Rebecca Lohnes, a doctoral student at Cornell University, is studying the breeding ecology of common nighthawks in natural gravel patches on the Konza Prairie near Manhattan, Kan. She’s gathering information that will be used in efforts to boost Nighthawk populations by providing gravel nesting areas on store roofs.

Nighthawks were once common in cities where they nested on flat roofs that used pea gravel as a roofing material. The birds’ buzzy “peeent” call could be heard at twilight as they swooped after moths and beetles attracted to city lights.

Biologists suspect that changes in roofing materials from gravel to rubber compounds contributed to the disappearance of urban Nighthawks. In 2007, New Hampshire Audubon started “Project Nighthawk” to try to restore urban-nesting Nighthawks by placing gravel nesting patches on flat roofs.

The decline of Nightjars was first documented when states that had published breeding bird atlases about two decades ago updated them. Such was the case in New York, where the breeding bird atlas surveys completed in 2005 revealed that Whip-Poor-Wills and Common Nighthawks had disappeared from many areas where they were recorded in the atlas published in 1988, said Matthew Medler of the New York State Ornithological Association.

Mike Wilson, a researcher at the College of William and Mary’s Center for Conservation Biology in Williamsburg, Va., launched Nightjar surveys in 10 Southeastern states in 2007 and expanded this year to include the 37 states not covered by the Northeast Nightjar Survey so all 48 contiguous states are included.

Nightjars are the most enigmatic group of birds in North America, with very little known about basic aspects of their biology, habitat use, and population status, Wilson said. Widespread, long-term monitoring using a standard protocol is necessary to determine the population status of these birds, recognize changes in the status and develop conservation programs.

Wilson and Hunt recruit volunteers through Audubon groups, bird clubs, and e-mail groups for birders in each state. Volunteers do roadside counts at night when the moon is at least half full, relying on sound rather than sight, because that’s when Nightjars sing.

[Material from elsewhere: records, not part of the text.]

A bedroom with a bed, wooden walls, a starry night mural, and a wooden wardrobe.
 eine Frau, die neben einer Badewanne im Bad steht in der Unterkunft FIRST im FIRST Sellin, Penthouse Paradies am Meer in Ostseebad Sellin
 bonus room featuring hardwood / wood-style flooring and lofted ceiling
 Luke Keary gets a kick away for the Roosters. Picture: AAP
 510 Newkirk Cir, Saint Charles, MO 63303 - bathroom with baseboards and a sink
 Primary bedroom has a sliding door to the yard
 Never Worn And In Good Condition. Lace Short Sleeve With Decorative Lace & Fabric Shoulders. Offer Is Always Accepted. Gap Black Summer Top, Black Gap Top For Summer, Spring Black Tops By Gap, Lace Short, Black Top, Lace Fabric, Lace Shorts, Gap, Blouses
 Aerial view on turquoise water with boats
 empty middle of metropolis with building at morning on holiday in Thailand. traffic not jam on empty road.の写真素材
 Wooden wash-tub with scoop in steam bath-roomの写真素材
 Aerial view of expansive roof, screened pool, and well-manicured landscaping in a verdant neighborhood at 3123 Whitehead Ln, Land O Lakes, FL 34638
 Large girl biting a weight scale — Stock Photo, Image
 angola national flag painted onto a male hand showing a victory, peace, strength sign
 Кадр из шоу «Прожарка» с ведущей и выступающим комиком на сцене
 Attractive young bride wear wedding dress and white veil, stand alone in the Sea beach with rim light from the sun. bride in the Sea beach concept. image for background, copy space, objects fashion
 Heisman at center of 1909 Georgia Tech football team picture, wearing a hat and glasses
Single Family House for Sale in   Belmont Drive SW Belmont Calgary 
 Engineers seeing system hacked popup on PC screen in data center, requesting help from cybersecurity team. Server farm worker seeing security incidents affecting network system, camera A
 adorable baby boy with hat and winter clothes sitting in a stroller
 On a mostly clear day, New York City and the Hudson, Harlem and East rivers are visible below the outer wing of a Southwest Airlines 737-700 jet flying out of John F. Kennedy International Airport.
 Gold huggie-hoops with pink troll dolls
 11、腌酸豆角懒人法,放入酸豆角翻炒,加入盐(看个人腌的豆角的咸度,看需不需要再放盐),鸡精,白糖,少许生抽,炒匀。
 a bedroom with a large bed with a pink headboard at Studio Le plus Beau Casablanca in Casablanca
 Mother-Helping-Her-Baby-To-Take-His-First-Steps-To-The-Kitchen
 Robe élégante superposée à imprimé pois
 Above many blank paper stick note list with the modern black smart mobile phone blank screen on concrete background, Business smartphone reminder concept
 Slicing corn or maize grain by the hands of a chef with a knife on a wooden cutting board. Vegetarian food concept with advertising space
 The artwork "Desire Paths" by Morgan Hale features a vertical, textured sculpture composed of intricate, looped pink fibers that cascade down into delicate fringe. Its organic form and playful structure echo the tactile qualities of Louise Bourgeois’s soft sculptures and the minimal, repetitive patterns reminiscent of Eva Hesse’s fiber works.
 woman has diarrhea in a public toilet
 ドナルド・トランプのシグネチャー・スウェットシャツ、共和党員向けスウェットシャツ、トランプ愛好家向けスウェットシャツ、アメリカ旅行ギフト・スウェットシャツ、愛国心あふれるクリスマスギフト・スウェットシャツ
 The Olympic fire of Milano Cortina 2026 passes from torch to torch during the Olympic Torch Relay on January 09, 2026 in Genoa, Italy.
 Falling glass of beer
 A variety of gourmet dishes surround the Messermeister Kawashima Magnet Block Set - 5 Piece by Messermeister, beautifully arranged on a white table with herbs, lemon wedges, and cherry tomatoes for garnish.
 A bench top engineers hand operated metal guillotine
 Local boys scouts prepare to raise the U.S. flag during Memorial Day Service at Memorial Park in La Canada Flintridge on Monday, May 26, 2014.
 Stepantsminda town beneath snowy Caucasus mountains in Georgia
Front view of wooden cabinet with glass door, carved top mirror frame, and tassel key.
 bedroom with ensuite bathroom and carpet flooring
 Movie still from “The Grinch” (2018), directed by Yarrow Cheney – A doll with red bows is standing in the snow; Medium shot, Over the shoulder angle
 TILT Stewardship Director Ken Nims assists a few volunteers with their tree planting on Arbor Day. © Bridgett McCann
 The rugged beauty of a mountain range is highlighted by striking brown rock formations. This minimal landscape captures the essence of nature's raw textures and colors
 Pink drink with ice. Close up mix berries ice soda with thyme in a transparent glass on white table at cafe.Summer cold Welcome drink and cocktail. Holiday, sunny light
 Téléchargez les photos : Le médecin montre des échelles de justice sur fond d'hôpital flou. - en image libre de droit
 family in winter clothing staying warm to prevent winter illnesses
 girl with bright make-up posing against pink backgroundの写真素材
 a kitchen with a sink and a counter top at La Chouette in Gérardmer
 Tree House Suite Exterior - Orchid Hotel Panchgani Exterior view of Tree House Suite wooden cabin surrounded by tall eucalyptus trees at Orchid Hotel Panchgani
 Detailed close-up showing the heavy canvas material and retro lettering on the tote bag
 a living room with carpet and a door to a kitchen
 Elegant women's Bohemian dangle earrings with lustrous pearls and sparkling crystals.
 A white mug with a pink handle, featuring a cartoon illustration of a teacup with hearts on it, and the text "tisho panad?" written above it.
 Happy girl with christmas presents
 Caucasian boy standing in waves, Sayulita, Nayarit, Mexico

“We want to find out where they’re increasing or declining, what are the specific regions where they’re imperiled, and how do complexes of habitats influence their abundance, ” Wilson said. “From that, we’ll get an idea of what we need to do to prevent further declines of these species.”

Several factors have likely contributed to the decline of Nightjars, Wilson said. They include changes in habitat and increased predation by raccoons, foxes, and domestic cats.“

You get a peak in numbers in areas that are about 50 percent forest and 50 percent grassland,“ Wilson said. The birds nest on the ground and hunt for insects over open fields. As old hayfields grow up into forest, or when woods and meadows give way to houses and lawns, habitat is lost.

It could be that the decline of Nightjars is related to the same habitat loss that has adversely affected numerous other bird species, said Gifford in the Pine Bush.“

About 67 percent of shrubland birds have declined since 1980,“ Gifford said. ”About 50 percent of grassland birds have declined, and 25 percent of forest birds.“

Albany’s Pine Bush, a rare habitat of prairie grasses and wildflowers, scrub oaks and pitch pines on rolling sand dunes left by glaciers, once stretched for 125 miles. Now, a patchwork of 3,010 acres is included in the Pine Bush Preserve and about half of that has been restored to its original condition by cutting and burning invasive trees and shrubs.

It may offer clues to what led to the decline of Nightjars, and what might bring them back.